Do you make your own pickles?
Help me make some!
I'm going to do 3 large mason jars worth of pickles. I'm looking do something sweet, something sour (dill maybe), and something hot and sweet, but I need recipes. I'm getting the cucumbers tomorrow from a local farmer.
Help! I'm a pickle virgin (*snicker*)!
I don't make pickles all that often, but my basic method is to first cover the cucumbers in salt and let sit for 24 hours. This draws much of the water out of the cuc's. Then I put them in jars, with spices and vinegar. No salt in the jars. I got this method from a Richard Olney book.
Anyone try this method, rather than including salt in the jar? Any differences?

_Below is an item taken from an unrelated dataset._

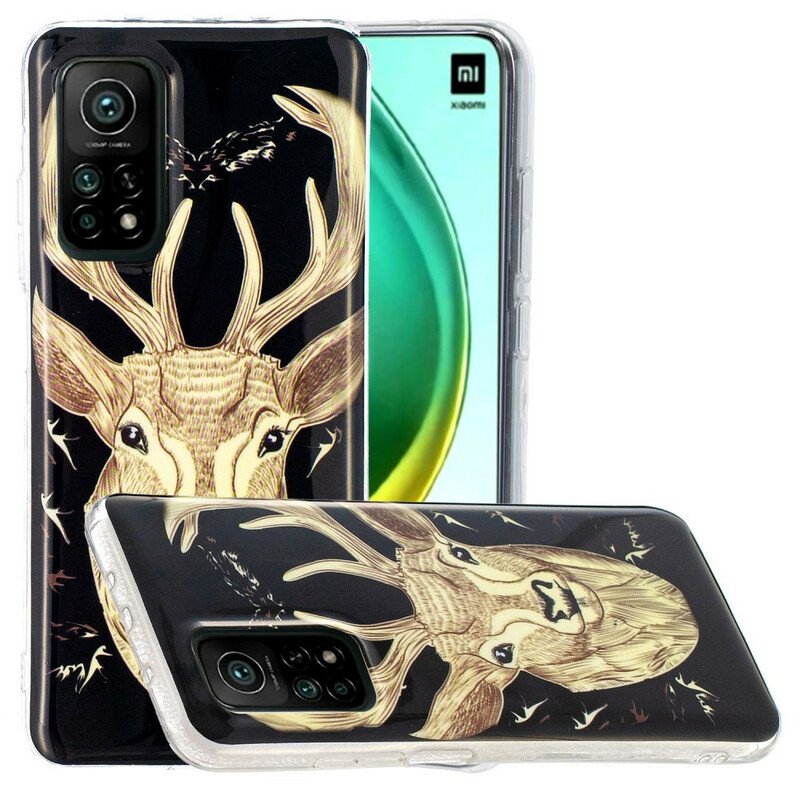 Skal Xiaomi Mi 10T / 10T Pro Fluorescerande Majestic Deer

I have slacked off in the past few years on my pickle and preserve making. I need to get back to it. My mainstays in pickles are home made spicy hot Dilly Beans and Bread and Butter Pickles and believe me unless storage space is an issue it is not worth making only 3 jars. Once canned and you get a good seal the jars can go back into the cases they came in and stored under a bed, in a closet, the garage etc.

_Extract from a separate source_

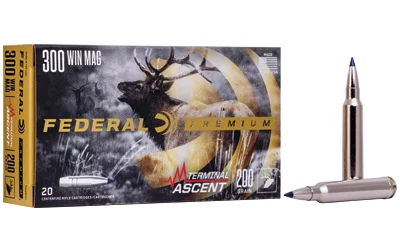 Federal .300 Win Mag 200gr ACCUBOND Nickel-Plated Brass – 20rd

For the ablsolute best primer with the most thorough directions about the whole process get your self a copy of The Ball Blue Book and follow to a T.It is a cheap paper back. You don't need a lot of fancy equipment but new jars and lids, a canning funnel is handy (the opening is wide enough to fit the jar mouth) and a granite ware canning kettle with a rack are nice to have. Another add on is a jar lifter. None are expensive and the kettle can be used whenever you need a big pot. I place lobsters on the jar rack to steam them out of the water, or when you want to boil a lot of corn etc. Maybe $25.00 tops and it will last forever.
All should be available at a hardware store or where canning supplies are sold.
P.S. for cucumber pickles you want Kirbys, not the regular supermarket variety or English seedless varieties.
there are actually many named varieties(given to the seed strain by the plant hybridizer or strain selector) available to both the farmer and the backyard grower. These will vary depending on nationwide locale.
More important to pickling is probably not the named variety of PICKLING cuke, but using PICKLING cukes instead of smooth- skinned salad type cukes, as Candy points out.
Pickling cukes have dull skins, shallow indented furrows, slightly bulbous ends and warty skin with tiny bumpy (not sharp) spines. Often the skin coloration is mottled green/yellow green/whitish. Fresh cukes will not bend or wiggle. The skin should be taut.
Your farmer friend certainly knows the difference and will sell you pickling cukes if he knows you're pickling! If you can find a pick-your-own place, you'll know they're fresh! Have your canning set-up ready and wash and pack your cukes right away. We always set up our kettle outside and use a Coleman stove to boil the jars. Keeps the heat out of the house. I keep meaning to get one of these Japanase table-top butane burners, as the BTU's are higher. Maybe this year!
Let us know how it goes!
Check out the Wild Fermentation (great book, too) site at http://www.wildfermentation.com/index... for lots of great, some bizarre but super easy fermenting recipes. Too boost digestion skip the vinegar with pickles and just do a salt ferment. The vegetables will stay crunchy and will be delicously soured.
Sterilize you jars and lids to keep out any wild yeast.
Your pickling cukes must be fresh, fresh, fresh! Take an ice chest and a little ice to keep em cool.
Make the pickles right away.
Find some young grape leaves and put one in the bottom of each jar to keep pickles crisp in the brine.
Just use a basic salt-vinegar-water brine, then vary the sweetness or heat or herb/spice. I always make my dills with a head of fresh dill right down the center of the jar, with 3-4 cloves of garlic, a 1/2 dozen peppercorns and a big fat red Fresno chili along the side so you can see it.
Only three jars? If you're going to make pickles, do 12 or 24!
You'll get spoiled by your homemade pickles!